▼▼▼
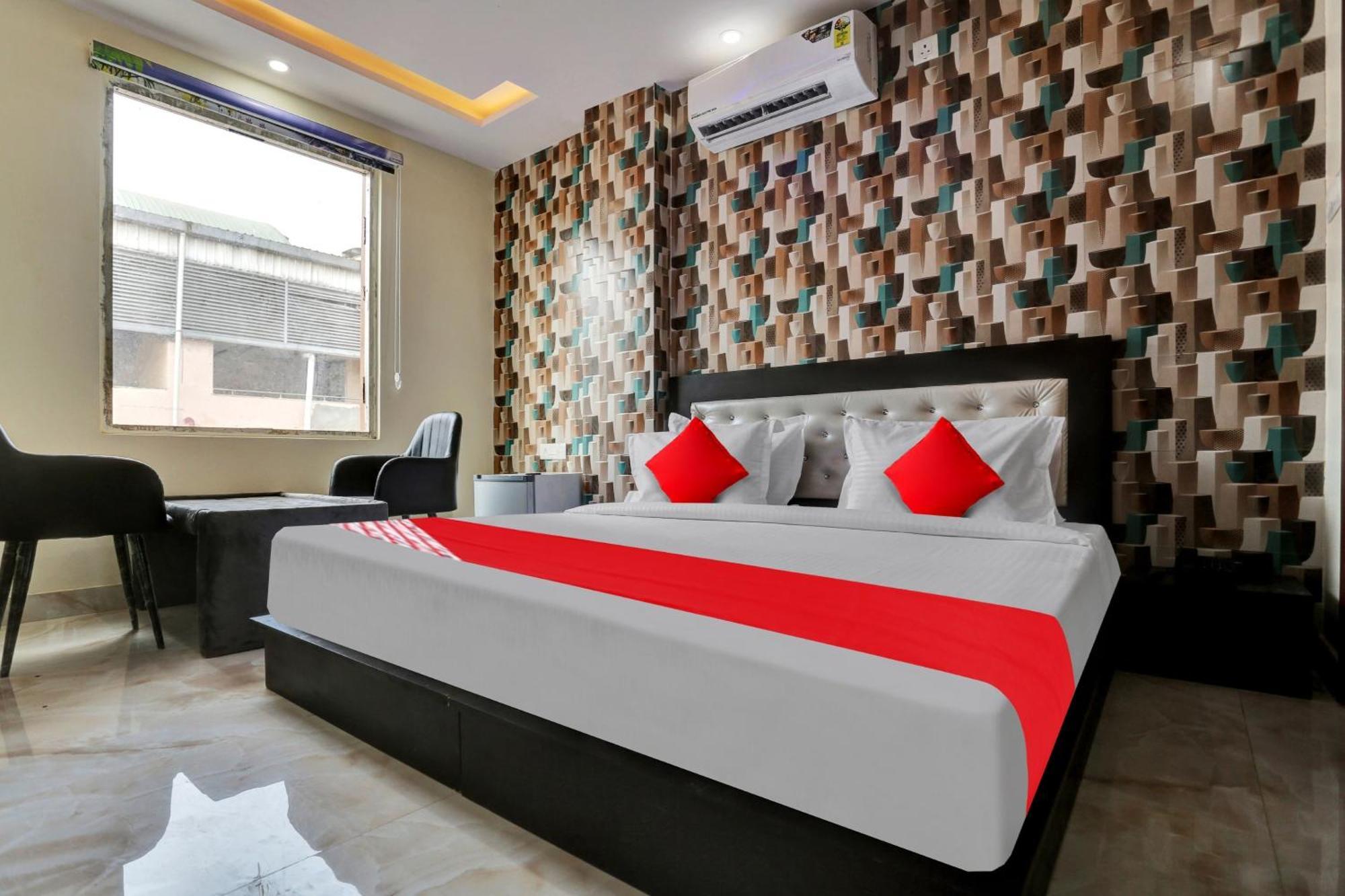 Hotel O Metro Height'S Near Nangloi Railway Metro Station Delhi  Exterior photo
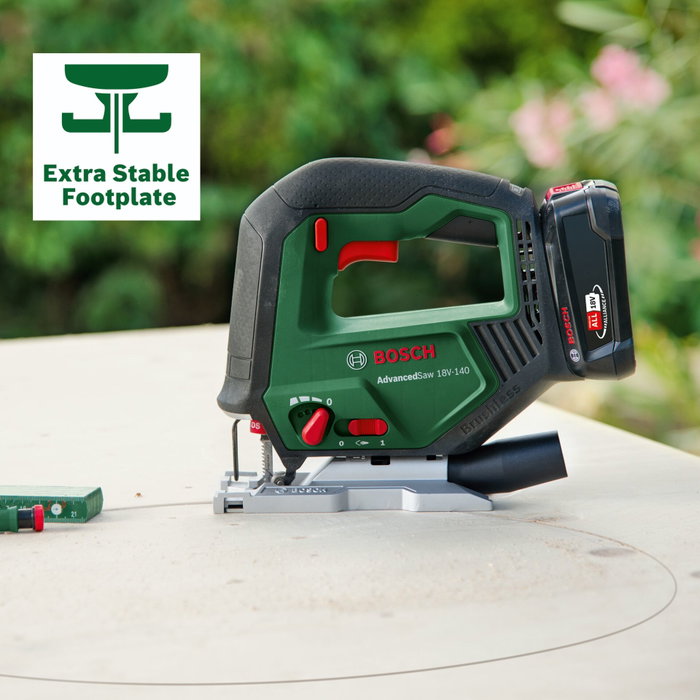 Bosch AdvancedSaw 18V-140 Sierra de Calar Inalámbrica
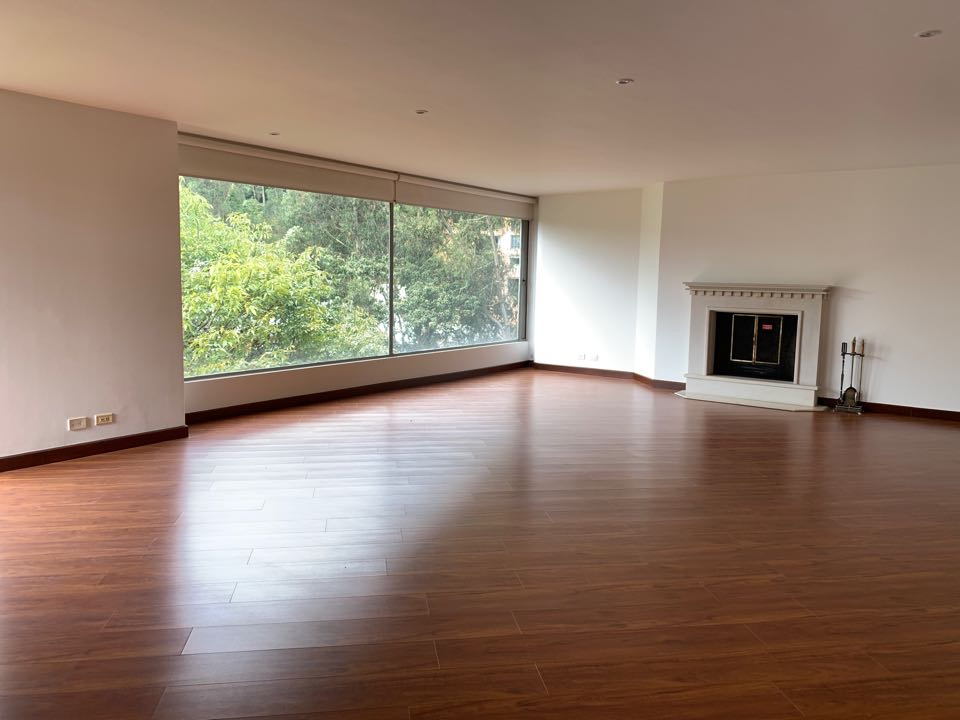 Apartamento en venta en Los Rosales, Bogotá · foto 9 de 22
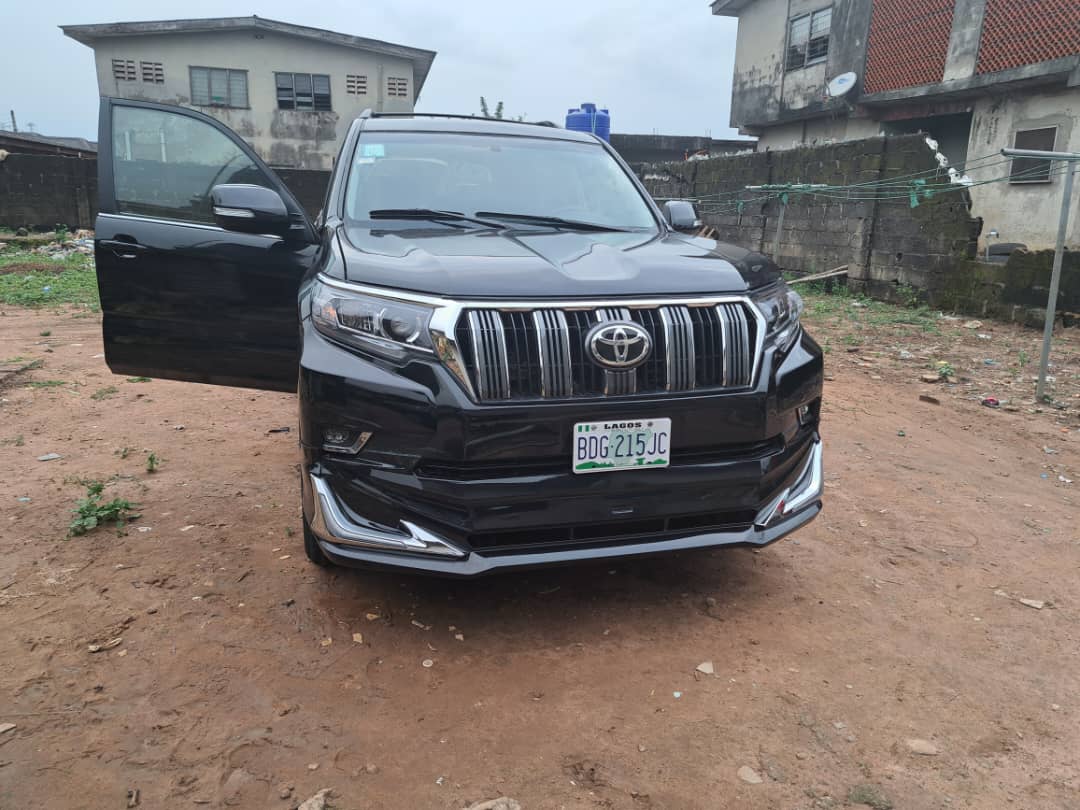 Car Image 9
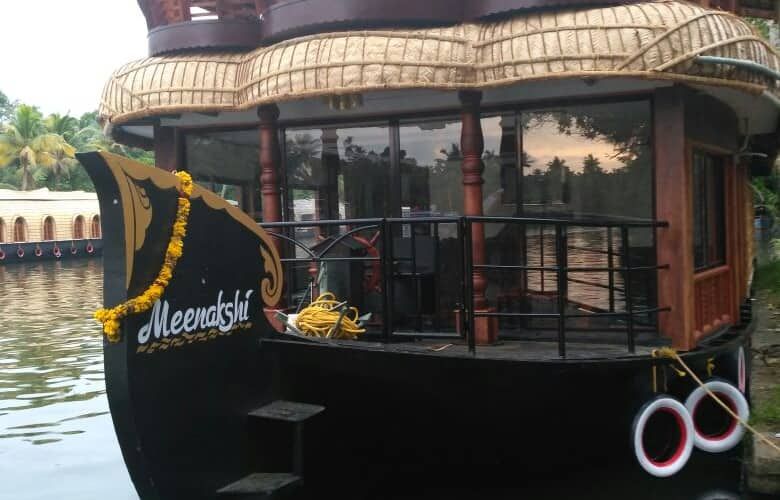 undefined Meenakshi Houseboat 10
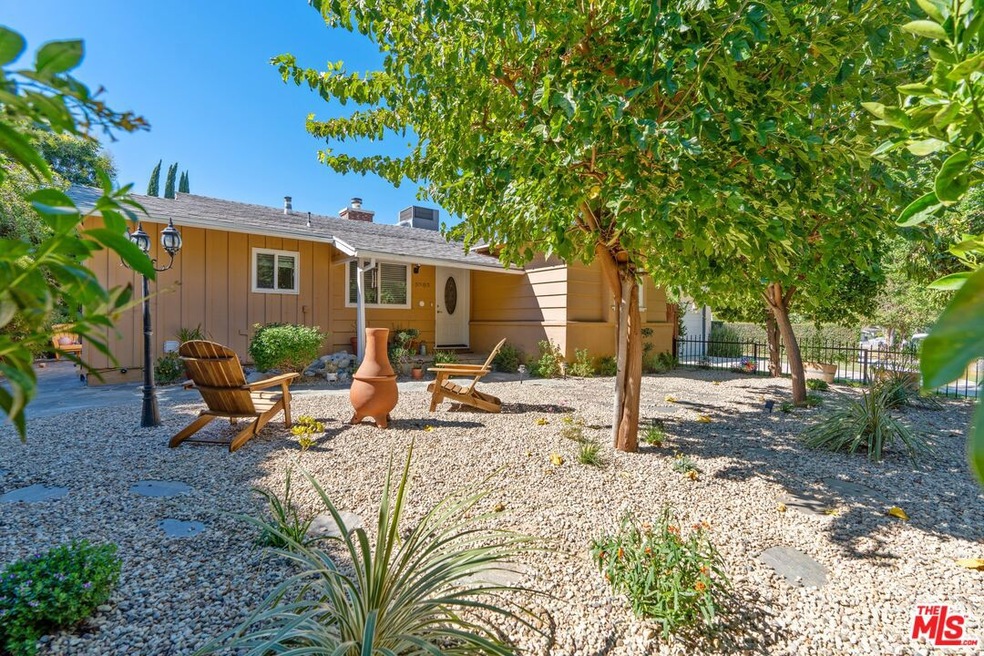 5203 Alhama Dr, Woodland Hills, CA 91364 - photo 1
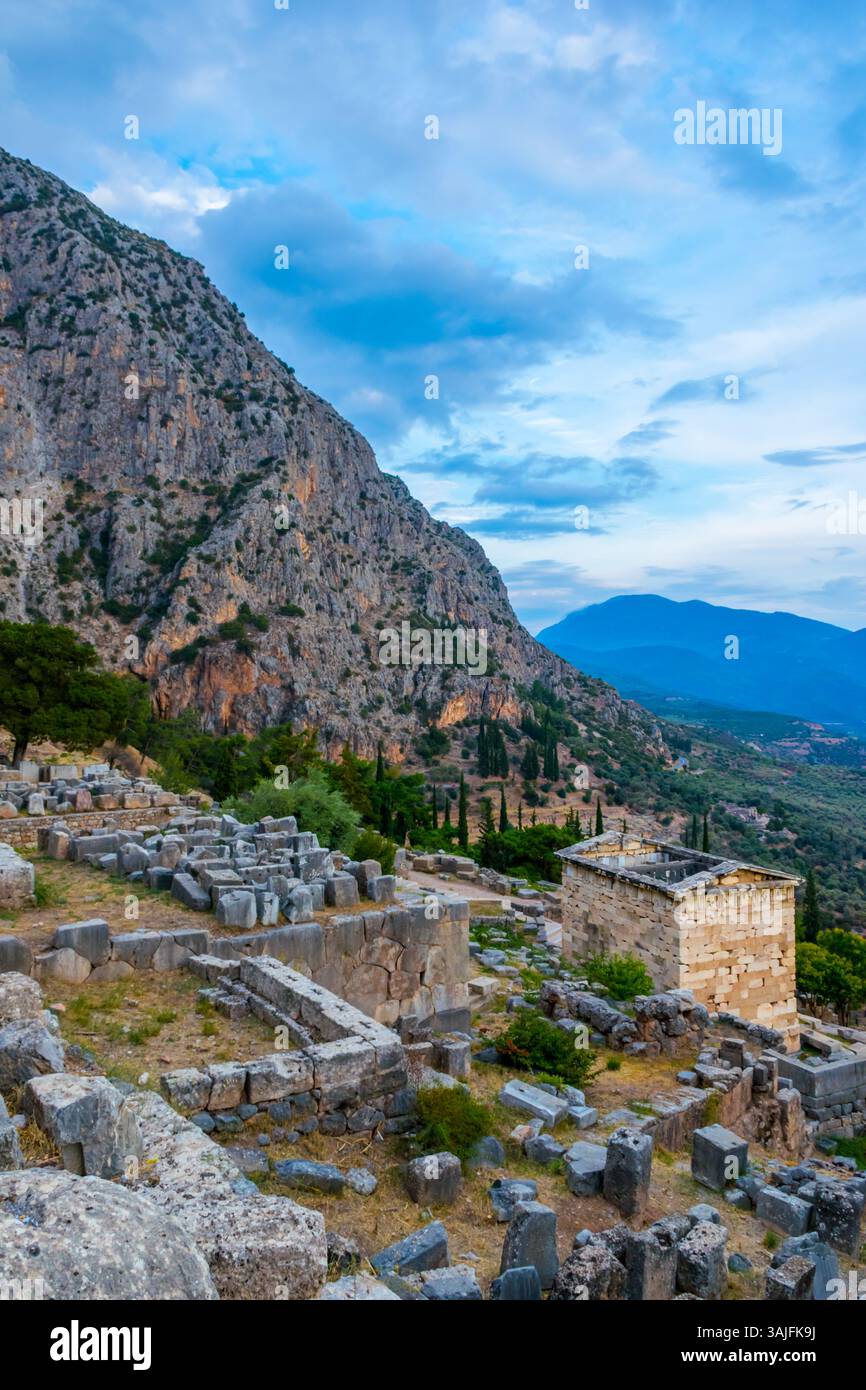 Vista serale panoramica del sito archeologico di Delfi nella Grecia centrale con il tempio di Apollo e il tesoro ateniese Foto Stock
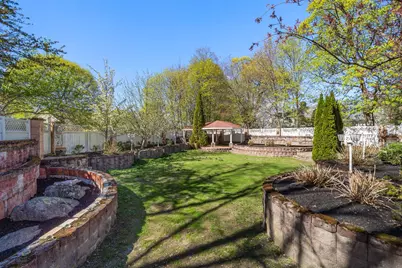 581 California, Newton, MA 02460 - Photo 20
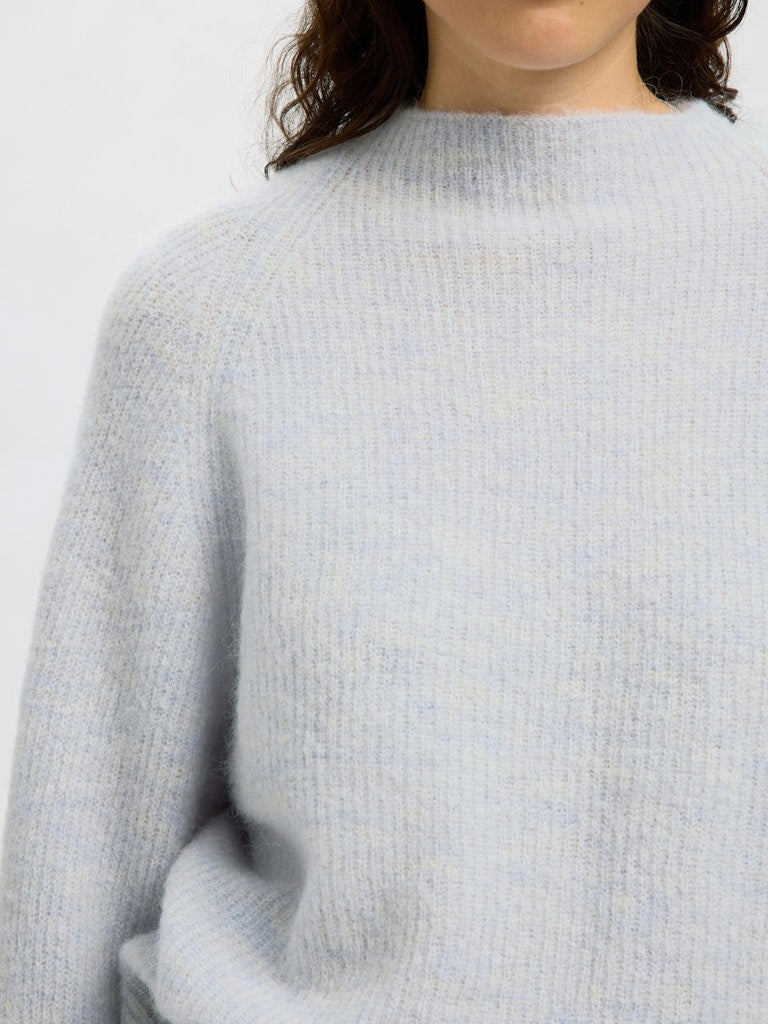 selected-femme-naisten-neulepusero-slfsia-ras-ls-knit-t-neck-vaaleansininen-4
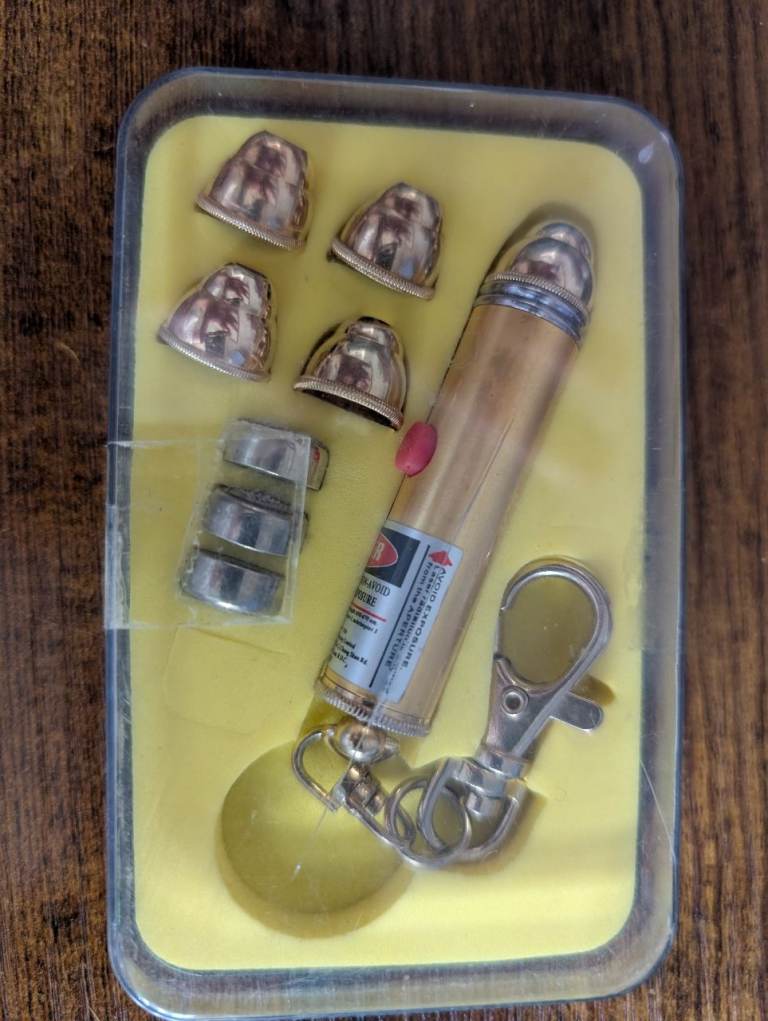 Laser Pointer Light Cat Toy Interactive Training Keychain LED BNIB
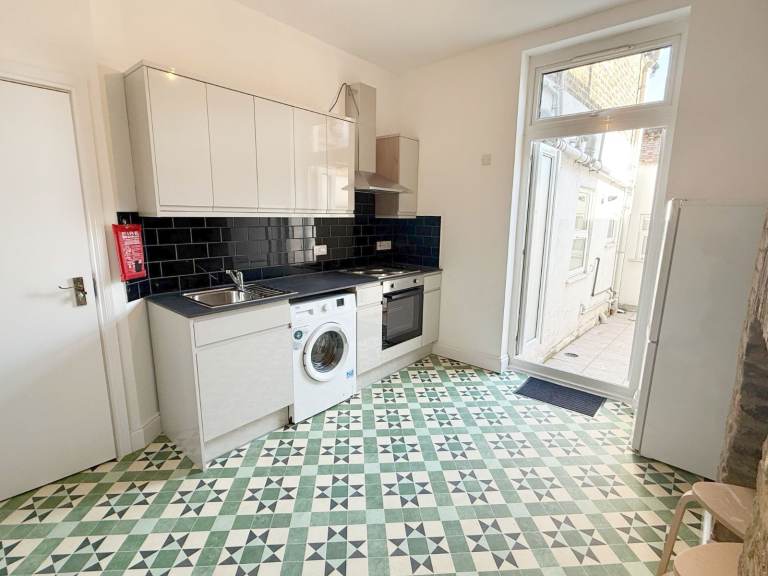 Modern Ground Floor Studio Flat to Rent, Chatsworth Road, Hackney E5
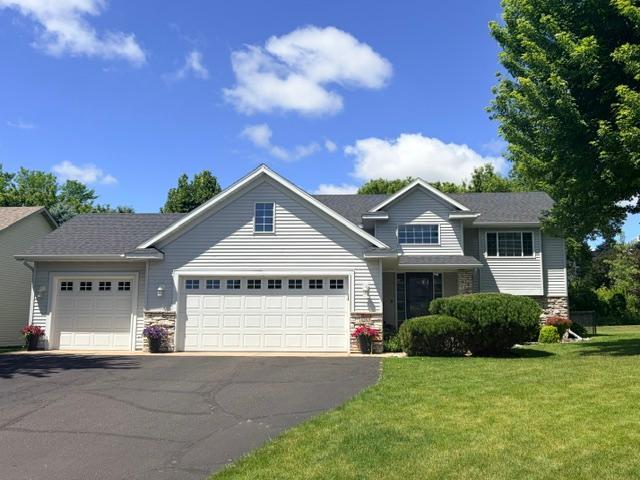 1263 Stone Ridge Rd, Sauk Rapids, MN 56379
▲▲▲
Work item: Any picture in the data is to be skipped, while each line is returned exactly as written.

Task solution:
 Hotel O Metro Height'S Near Nangloi Railway Metro Station Delhi  Exterior photo
 Bosch AdvancedSaw 18V-140 Sierra de Calar Inalámbrica
 Apartamento en venta en Los Rosales, Bogotá · foto 9 de 22
 Car Image 9
 undefined Meenakshi Houseboat 10
 5203 Alhama Dr, Woodland Hills, CA 91364 - photo 1
 Vista serale panoramica del sito archeologico di Delfi nella Grecia centrale con il tempio di Apollo e il tesoro ateniese Foto Stock
 581 California, Newton, MA 02460 - Photo 20
 selected-femme-naisten-neulepusero-slfsia-ras-ls-knit-t-neck-vaaleansininen-4
 Laser Pointer Light Cat Toy Interactive Training Keychain LED BNIB
 Modern Ground Floor Studio Flat to Rent, Chatsworth Road, Hackney E5
 1263 Stone Ridge Rd, Sauk Rapids, MN 56379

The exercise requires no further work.